May is known as “the sweetest month” and so far, there is no denying that. This is the longest spring, that I remember in a long while. Usually, spring comes and for a very few weeks, is so very lovely. It lasts but a month, and then the heat becomes wicked and makes one wilt to be outside. Not so this year. Most days, it seems sinful to be inside as the days are just about ideal. The birds sing cheerful verses all day long and I smelled a magnolia blossom today wafting on a gentle wind.
I have almost finished the kitchen floor at the rabbit patch. I worked all weekend and every night this week for several hours. As much as I enjoy working, I will be quite content when this chore is finished. First off, it is a nightmare, when the kitchen shuts down at the rabbit patch. I tried to keep a “path” to the sink, then to the refrigerator, then to the stove and so on. We had to go outside to enter the laundry room, as well.
Christopher Robin and Moonshine were banished from the house altogether. These cats dependably track through paint. In the past I have scolded them for such antics, which implores them to dash about in all directions. It is not easy to get teal blue cat prints off of a kitchen table-or a chair or another floor. Cash, my boxer, uses better judgement and naps in front of a window fan-at a safe distance. Tonight, we will have roasted chicken and potatoes, squash and peas, to celebrate a shining kitchen floor.
The windows are up at the rabbit patch. A farmer is plowing a massive field, just across the road. I smell the dirt he is churning and I bet he smells our supper cooking. I love the smell of the earth. The soft hum of window fans float through the old house now, like a lullaby. I am very fond of window fans. The best sleep, I know of, is either by a wood heater-or a window fan. Only, when the hateful humidity descends on the south and even the wind is hot, do we install the window air condition units. I always put it off as long as I can.

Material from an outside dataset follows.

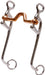 Medium Port Copper Mouth Bit - Jeffers - Horse Supplies > Horse Tack > Bridle Bits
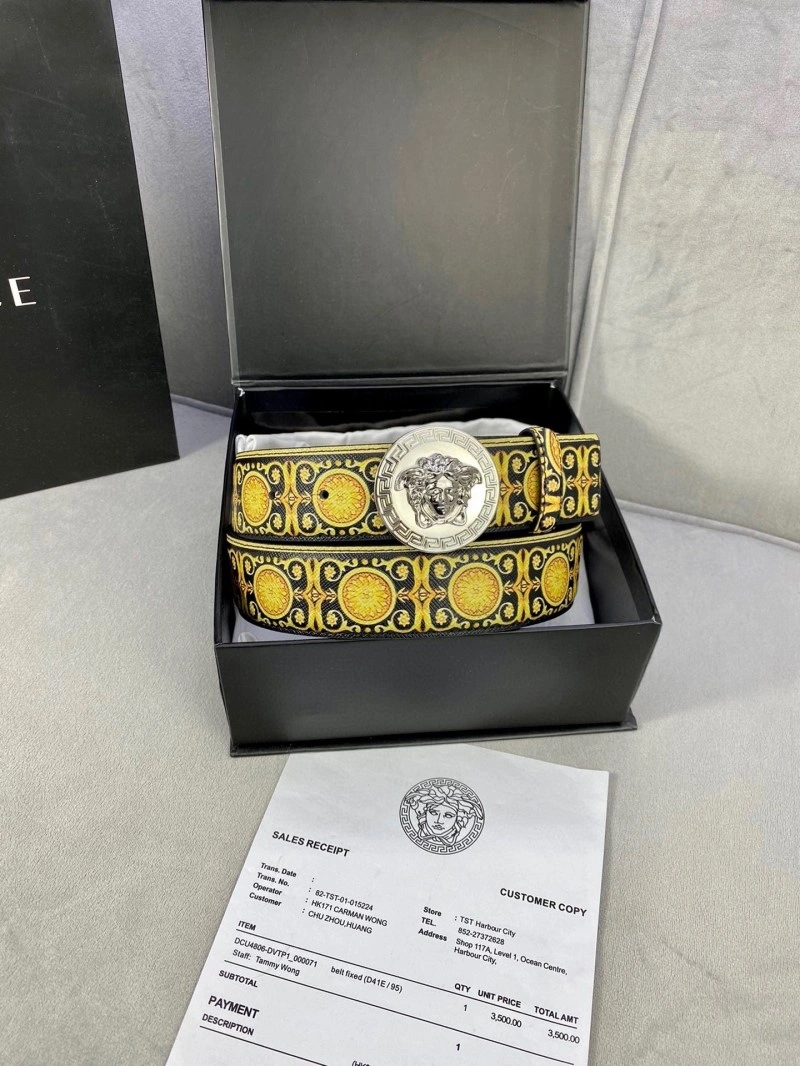 Versace Belts Supportive 304364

I named the rose garden, at the rabbit patch, “The Quiet Garden”, after Gladys Tabers’. Every rose is blooming now and the pink wild rose sprawls about the picket fence in a full display of little blossoms. The Quiet Garden is a charming place, with the exception of winter. It is a wonderful place to think and wonder-and to unload burdens. One of the many nice things about roses is that they do not tell your secrets-nor do they scoff-nor do they criticize. They are like old and dear friends, in that way. I have a beautiful view of the garden from the window by my “morning table”. In the evening now, fireflies flash their little lights where the roses abide. There is no rhyme or reason to their flight, but I pass a few moments watching them in the twilight, lighting up the “Quiet Garden.”
I did not plan the “Quiet Garden”. Like every other beautiful thing in my life, it just happened without any foresight on my part. A farmer was cleaning his barn out one Saturday, and come across a few sections of picket fence, that he had no use for. He offered them to me, and thus the idea of a rose garden was born. Now, one of the rose bushes gives ample shade-enough to give refuge, for the weary, in July.
Dear Diary, In the sweetest month of May, I am glad for the smells of the earth, magnolia blossoms and roses. . . I am glad for fireflies in gardens . . and I am glad too, that a generous farmer cleaned his barn out, one Saturday, a long while ago.